→ EXERCISE DESCRIPTION
Beneath this line are entries. Copy the range from the line with "Maples Group of" to the line with "Stupell Seaside Marina", ends included, exactly; leave pictures out.

→ RECORDED INFORMATION

::::::::::

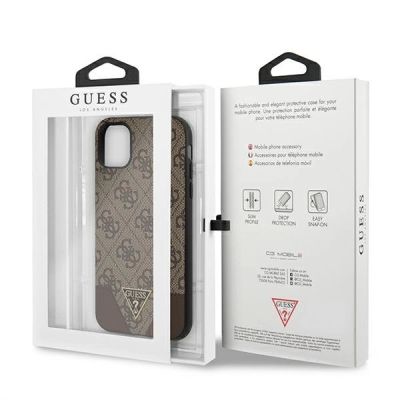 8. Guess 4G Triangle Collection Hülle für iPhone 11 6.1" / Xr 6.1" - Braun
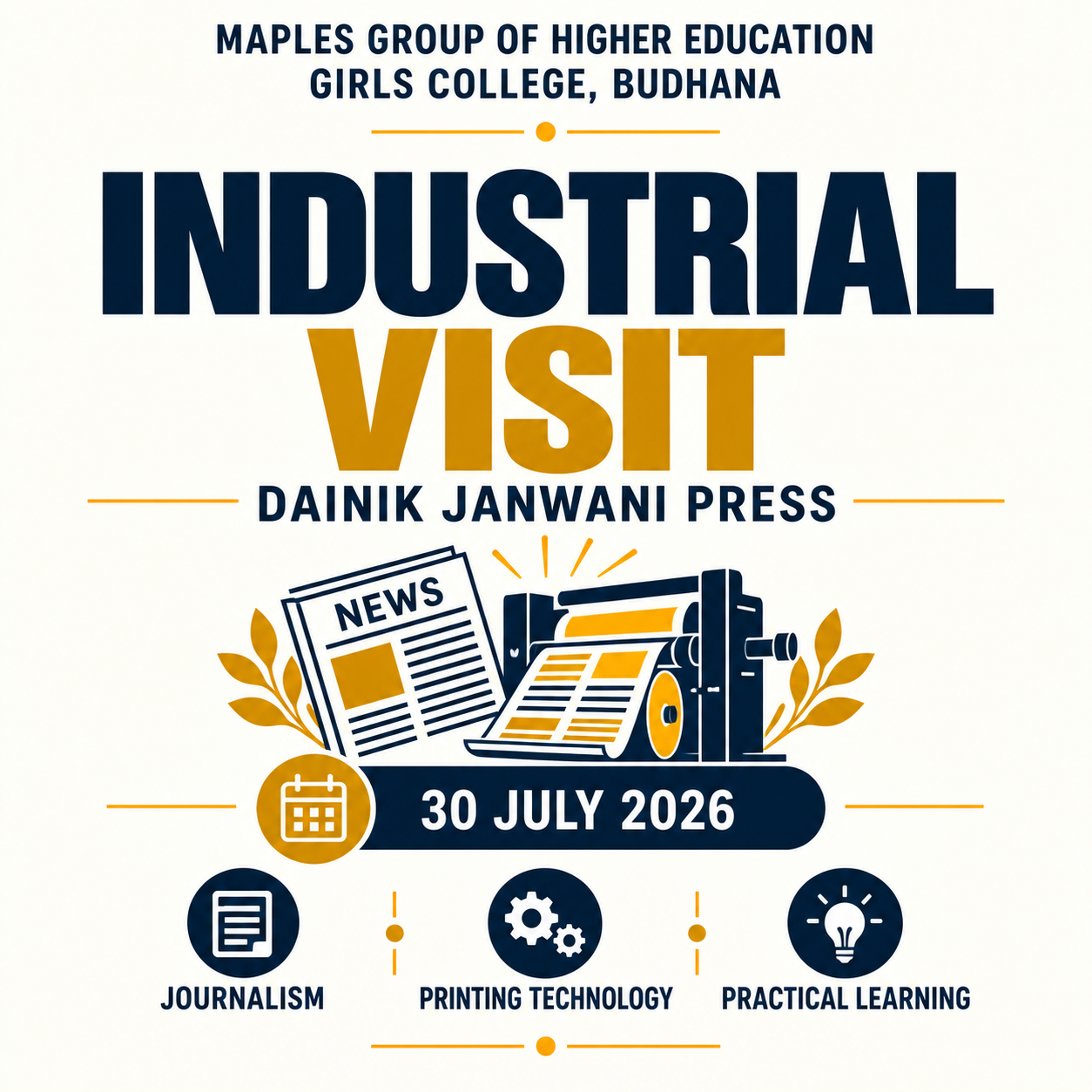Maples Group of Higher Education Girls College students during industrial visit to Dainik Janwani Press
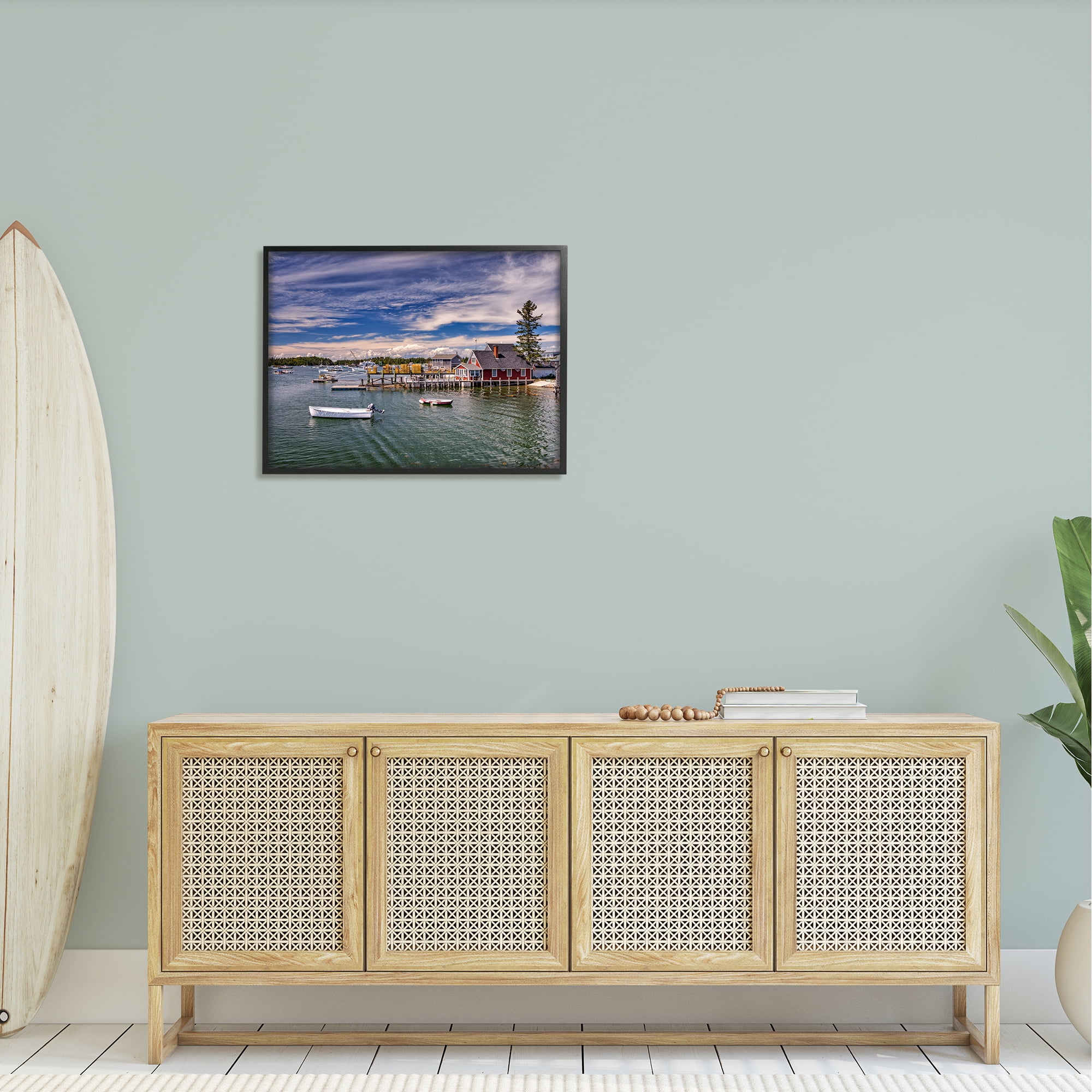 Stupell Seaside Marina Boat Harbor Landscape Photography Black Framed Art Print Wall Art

::::::::::

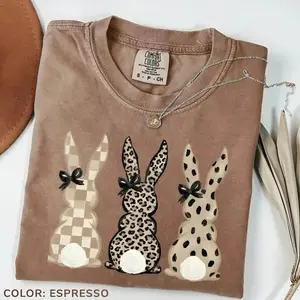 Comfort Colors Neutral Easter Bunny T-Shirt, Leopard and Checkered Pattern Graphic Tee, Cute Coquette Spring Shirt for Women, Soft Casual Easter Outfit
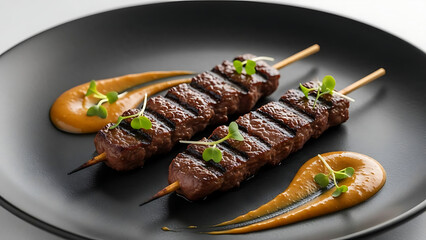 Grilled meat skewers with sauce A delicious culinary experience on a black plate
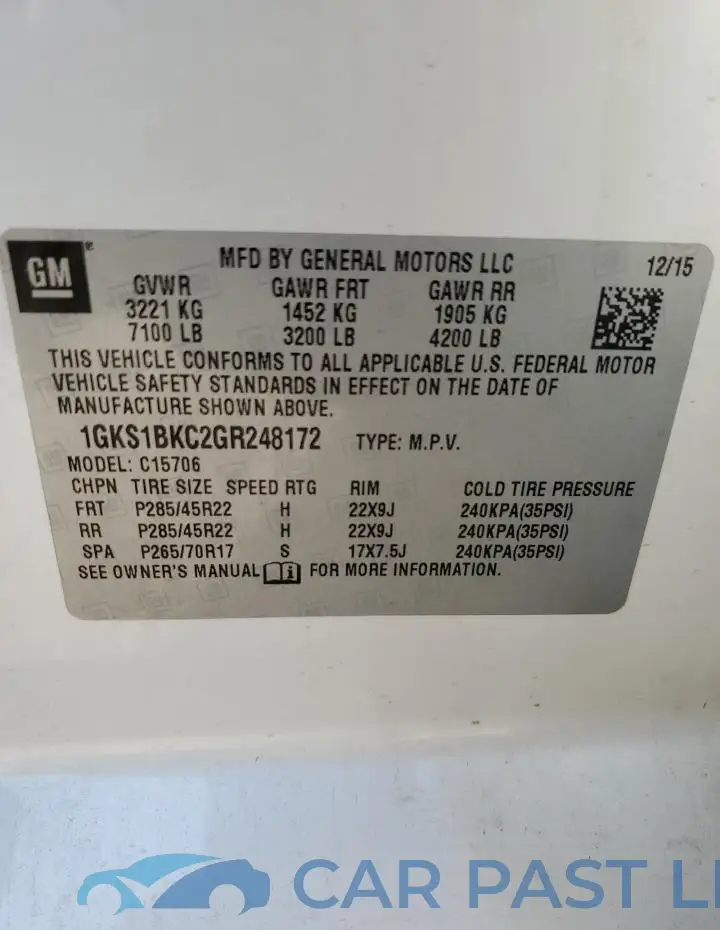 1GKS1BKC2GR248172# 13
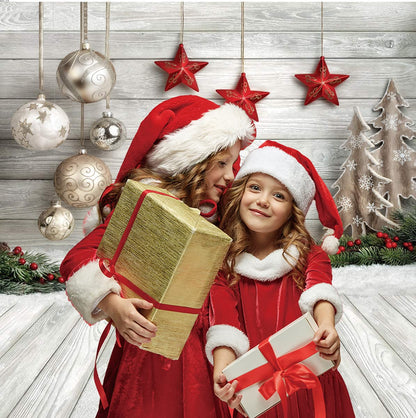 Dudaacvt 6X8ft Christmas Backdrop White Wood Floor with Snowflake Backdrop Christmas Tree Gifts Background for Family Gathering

::::::::::

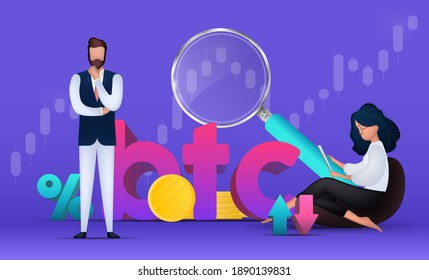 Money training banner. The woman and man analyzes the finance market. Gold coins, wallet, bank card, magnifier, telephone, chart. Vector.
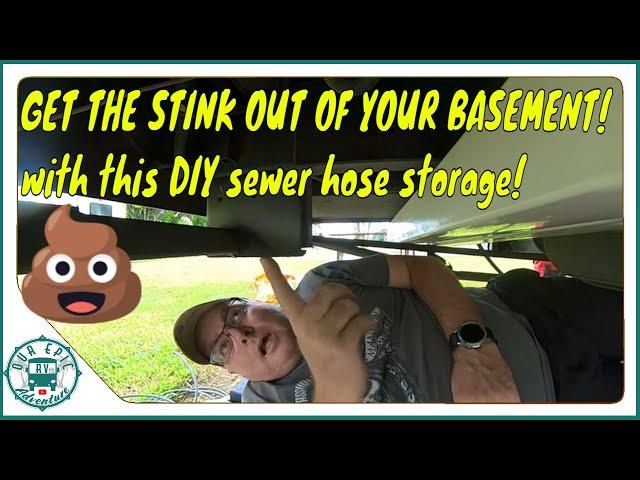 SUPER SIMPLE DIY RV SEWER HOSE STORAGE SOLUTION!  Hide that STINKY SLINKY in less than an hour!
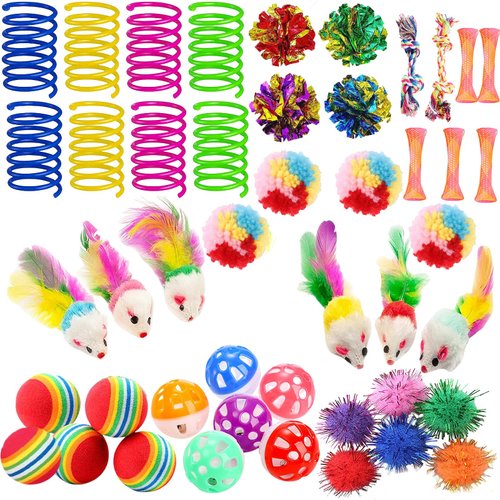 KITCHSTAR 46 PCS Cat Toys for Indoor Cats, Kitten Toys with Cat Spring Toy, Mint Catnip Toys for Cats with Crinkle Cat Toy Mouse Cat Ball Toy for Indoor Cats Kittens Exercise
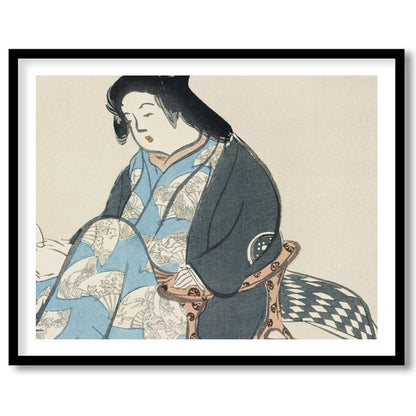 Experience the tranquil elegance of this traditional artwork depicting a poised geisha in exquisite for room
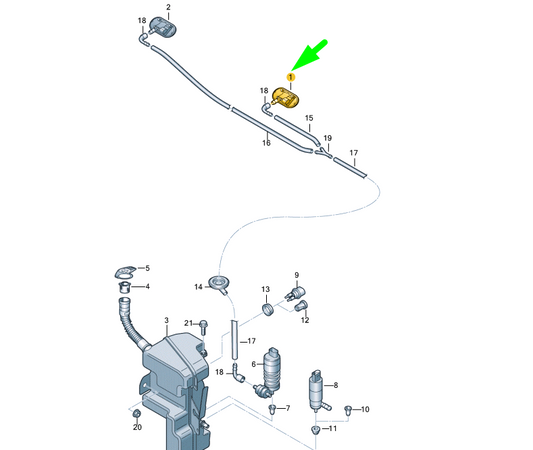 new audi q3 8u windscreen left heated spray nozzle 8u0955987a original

::::::::::

→ SOLUTION
Maples Group of Higher Education Girls College students during industrial visit to Dainik Janwani Press
 Stupell Seaside Marina Boat Harbor Landscape Photography Black Framed Art Print Wall Art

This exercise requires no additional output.